Ah, thanks for the childhood memories.


----------



## KenB (Jul 28, 2004)

Route 66 Domestiques said:


> Back when I was a kid, Abe Lincoln (I mean my uncle) was the outdoor sports editor/writer of the old Phila. Bulletin; I spent summers travelling with him all over
> PA, MD and NJ including several efforts to fish "The Schuylkill." Do they call it
> "The Schuykill;" or do they call it "The Schuylkill River?" Schuylkill River is redundant.
> Is Lee of Conshohocken still in business? And is it called West Chester Pike or is it
> ...


It's always been "The Schuylkill" to me and everyone I know. Lee Tires closed down decades ago (sorry) but the old factory is still there, now called Lee Park, and has been converted to commercial office space. Also, "202" is how it's referred to. Always hated that road. 

The area has changed a lot in the four years I've been out of there... I can't imagine how different it'd be to you.


----------



## Route 66 Domestiques (Jun 15, 2006)

*The day they tore the goalposts down*



KenB said:


> It's always been "The Schuylkill" to me and everyone I know. Lee Tires closed down decades ago (sorry) but the old factory is still there, now called Lee Park, and has been converted to commercial office space. Also, "202" is how it's referred to. Always hated that road.
> 
> The area has changed a lot in the four years I've been out of there... I can't imagine how different it'd be to you.

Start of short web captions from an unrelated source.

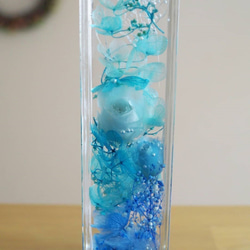 青いバラの水色ハーバリウム・グラデーションカラーのアジサイ、カスミソウと共に。 2枚目の画像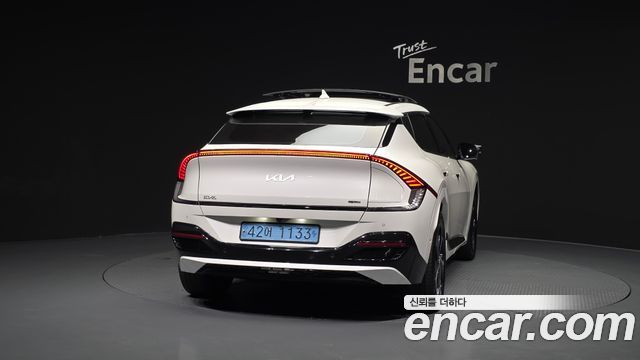 Kia EV6 Long Range 4WD GT Line 2023 — фото 4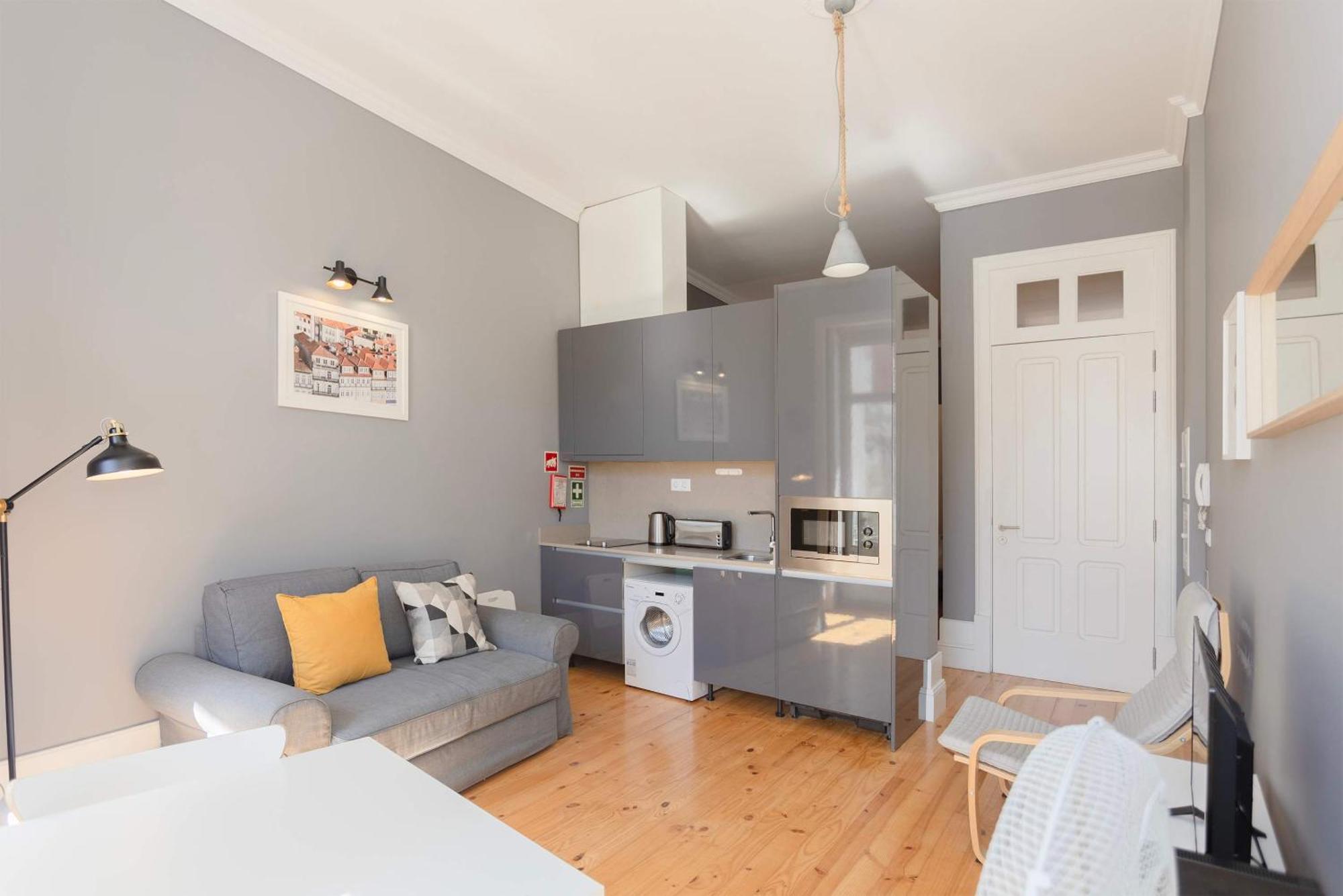 Apartment Liiiving In - Silver Light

I remember going to a couple of baseball games at Shibe Park; one game was between the New York Giants and the Phils; I got to sit behind centerfield because I wanted to watch Willie Mays; he didn't play (and I turned down using my uncle's press box pass).
Another night the game was rained out and since I had taken the train into Phila. I walked down the street in the rain to a movie theatre and saw Gregory Peck in Moby Dick. I also remember attending the National Archery Tournament in Wildwood, NJ; fishing the Schuylkill a number of times--very muddy water; and going to Conowingo Dam when they opened the gates. There were numerous trips to a marina (name escapes me) where my aunt and uncle had a powerboat (that never was in the water in any of the trips I attended); but, the motor was a Volvo although I can't remember the make of the boat.
The summers my aunt and uncle rented a cottage on Cape Cod in Hyannis; and, 50 years ago, we were driving through New York City to the Cape the morning following the collision between the Stockholm and the Andrea Doria. I listened to all that news over
WINS on the car radio. And, each summer, my uncle would order a "clam bake" which was in a 50 gallon tin and was delivered by Railway Express. And, since my uncle had once written something favorable about Schaeffer Beer in his column, Trigger and Reel,
there was a case of Schaeffers delivered to the house each month; and, so as to be not outdone, there was a case of Ballentine Beer that started showing up. I was too young to appreciate it. But, the memories are...what they say...priceless.


----------